Hopefully, this freeze in rates will encourage some degree of consumer confidence to return as the cost of borrowing remains at a very palatable rate. Although realistically, this is unlikely to materialise until late March at the earliest.”

FSB national chairman Mike Cherry said, “With borrowing costs up and Brexit day looming, the last thing small firms needed this week was an interest rate rise.

“The MPC’s decision to hold the Bank Rate will provide some welcome respite for small firms.

“We’re seeing the impact of political uncertainty writ large in slowing activity across the construction, manufacturing and service sectors. Higher debt costs would have added to the pain.
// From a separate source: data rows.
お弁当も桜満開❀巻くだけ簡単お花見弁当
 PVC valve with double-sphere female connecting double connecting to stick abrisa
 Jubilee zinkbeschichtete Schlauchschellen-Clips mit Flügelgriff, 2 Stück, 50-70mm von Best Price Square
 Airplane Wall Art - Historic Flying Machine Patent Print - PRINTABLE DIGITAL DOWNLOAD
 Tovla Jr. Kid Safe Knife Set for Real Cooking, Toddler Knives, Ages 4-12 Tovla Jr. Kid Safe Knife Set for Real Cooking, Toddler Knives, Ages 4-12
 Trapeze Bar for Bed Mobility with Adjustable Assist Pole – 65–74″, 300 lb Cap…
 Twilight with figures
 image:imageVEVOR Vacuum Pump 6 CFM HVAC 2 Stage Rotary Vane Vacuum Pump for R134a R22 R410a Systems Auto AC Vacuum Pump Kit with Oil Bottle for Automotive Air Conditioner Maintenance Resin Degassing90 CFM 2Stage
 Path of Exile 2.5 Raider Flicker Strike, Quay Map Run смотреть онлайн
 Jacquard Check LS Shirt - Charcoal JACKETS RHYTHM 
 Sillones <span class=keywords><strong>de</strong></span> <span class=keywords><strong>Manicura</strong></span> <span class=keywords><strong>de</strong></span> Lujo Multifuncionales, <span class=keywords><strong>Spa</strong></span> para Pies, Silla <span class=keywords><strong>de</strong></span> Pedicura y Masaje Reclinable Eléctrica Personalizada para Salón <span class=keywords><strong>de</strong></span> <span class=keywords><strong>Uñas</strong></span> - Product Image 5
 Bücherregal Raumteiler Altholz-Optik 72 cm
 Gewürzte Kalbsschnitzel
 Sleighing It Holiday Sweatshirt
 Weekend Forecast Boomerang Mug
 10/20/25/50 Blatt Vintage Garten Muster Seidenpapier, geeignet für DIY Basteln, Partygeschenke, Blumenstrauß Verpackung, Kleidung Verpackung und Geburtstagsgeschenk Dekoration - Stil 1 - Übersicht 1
“Low rates are a nice to have but the number one priority remains avoiding a chaotic no deal exit from the EU on 29 March.

“Once we reach April, small business owners will not only have Brexit to think about, but also higher wage costs, rising auto-enrolment contributions and further business rates hikes. With that in mind, it’s good to see the BoE taking a wait-and-see approach.

“Too many small firms are still unwilling or unable to access the finance they need to reach their full potential. It’s encouraging to see more businesses branching out beyond traditional debt products, but we still have a lot of work to do to raise awareness of all the options.

“Open Banking is key here. Regulators need to ensure compliance with the initiative, and government should be doing more to raise awareness of its potential – helping to nudge businesses and consumers towards embracing it.”